As nonprofit professionals, we all know that data is at the heart of what we do. It’s the data that helps us create our fundraising plan and goals, tells us a donor’s interests, giving history and funding priorities so that we may make an appropriate ask, and at a very basic level, tracks the contact information that allows us to communicate with our constituents.
So, why does our data get so messy? Why are we missing so much valuable information? And how can we proactively put an infrastructure in place that prevents this from happening and protects the sanctity of our data? The answer is simple and two-fold.
1. Ensure staff members understand the importance of the data and how it will be used to make strategic organizational decisions.
Have you ever been asked to do something and not really understood why? Maybe you didn’t ask for an explanation or maybe you asked and weren’t really given a reason, or even worse, met with the all dreaded “because I said so”. I bet you reluctantly followed suit. Maybe you took every shortcut in the book just to get the task done quickly. We’re all guilty of asking people to do things without providing the reasoning behind the task or explaining how the information will be used. If we could just take a step back and explain the bigger picture, I bet we would find that the information we request comes back to us in a more usable, organized way.
I find there are two important topics to be covered in training staff members on a database system.
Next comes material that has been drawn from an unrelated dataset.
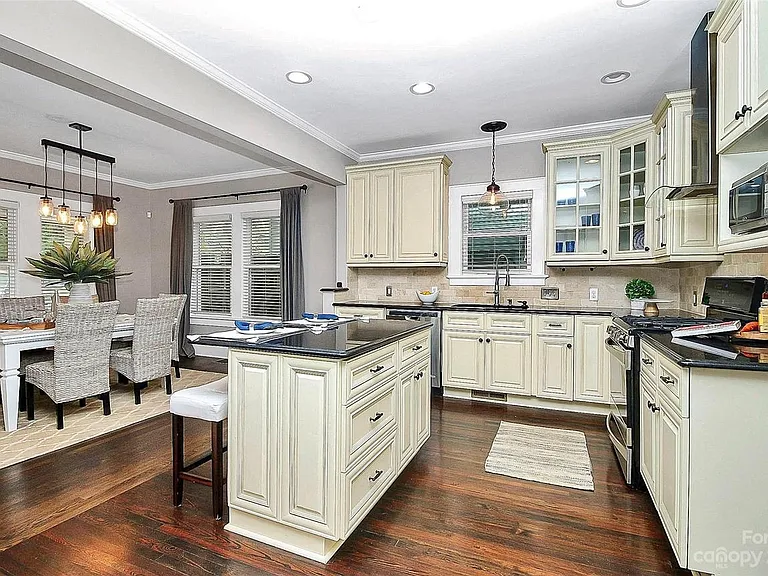Open kitchen with large island, ideal for bar stool snacking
The first is the obvious; we must teach the steps that accomplish a task. This is executional in nature. How do I add a new record, update a record, record a gift, etc.
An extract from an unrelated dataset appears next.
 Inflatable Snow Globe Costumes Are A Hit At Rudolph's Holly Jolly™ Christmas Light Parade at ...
The second, and arguably more important conversation is around why. Why do we track this information? How will this information be used? Why is it important to record as much information as possible?
I find that by explaining the “why” we better position ourselves for success. If I, as the person who enters the data, understand why you need certain information and how it will be used, I’m more likely to dedicate the time and effort to get you what you need in the way that you need it. I can then also begin to anticipate things you may need and to track those as well. By explaining the reasoning, you are engaging me in the process and I, in turn, will engage with the work in a more meaningful way.
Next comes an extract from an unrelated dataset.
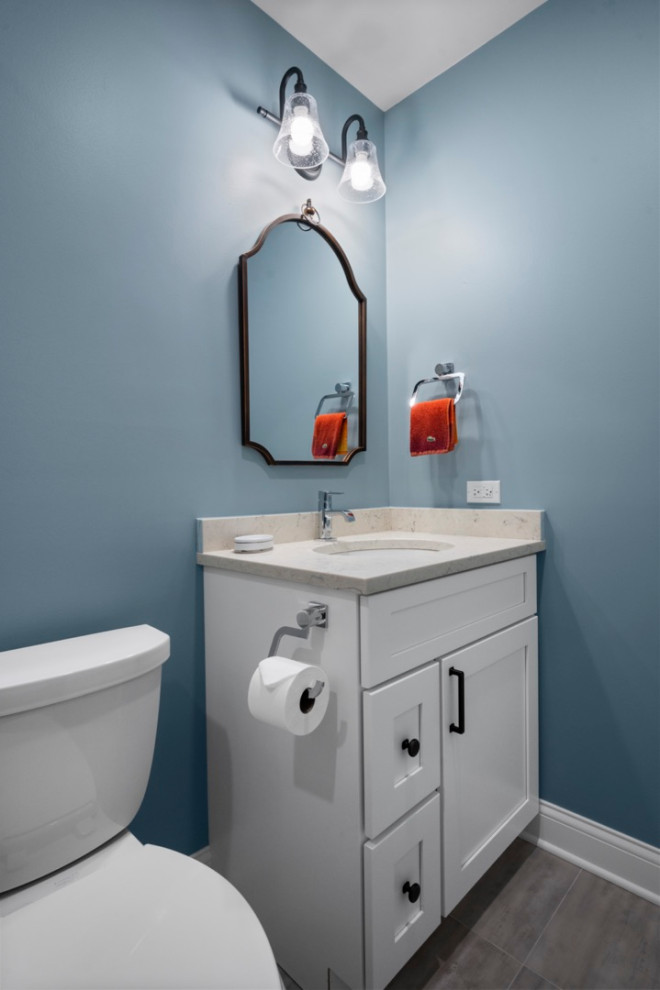 Mid-sized contemporary powder room in Chicago with shaker cabinets, white cabinets, a two-piece toilet, blue tile, porcelain tile, blue walls, porcelain floors, an undermount sink, engineered quartz benchtops, beige floor, beige benchtops and a freestanding vanity.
2. Create a formalized set of policies and procedures around data entry.
In a perfect world, a database processes and procedures document would be as standard as an employee handbook. Each employee would be given one the day he/she began and expected to read and understand the “rules of the workplace”. I believe anyone who has ever worked in a database would agree with my past statement. The reality is, database processes and procedures are not as common as we may hope, albeit they should be.
What is a database processes and procedures document (DPPD) and why does it matter?
A database processes and procedures document provides guidelines around the types of information entered into a donor database system, how, when and by whom. Think of this as “Your database for dummies”. In addition to broad and overarching guidelines, the document defines how the organization uses the different fields within the database and outlines the steps taken to enter information, providing rules around and examples of normal and one-off situations. It can be used as a training manual or orientation to the database for new staff or a reference for how to treat data in different situations. The DPPD creates expectations around data, explains its importance to the organization as well as outlines a consistent set of rules and processes. In doing so, the DPPD is the first step in helping to ensure the quality and consistency of data.
If you don’t currently have an infrastructure in place to help protect the quality and consistency of your data, I strongly encourage you to create one. You’ll be amazed at the difference it makes!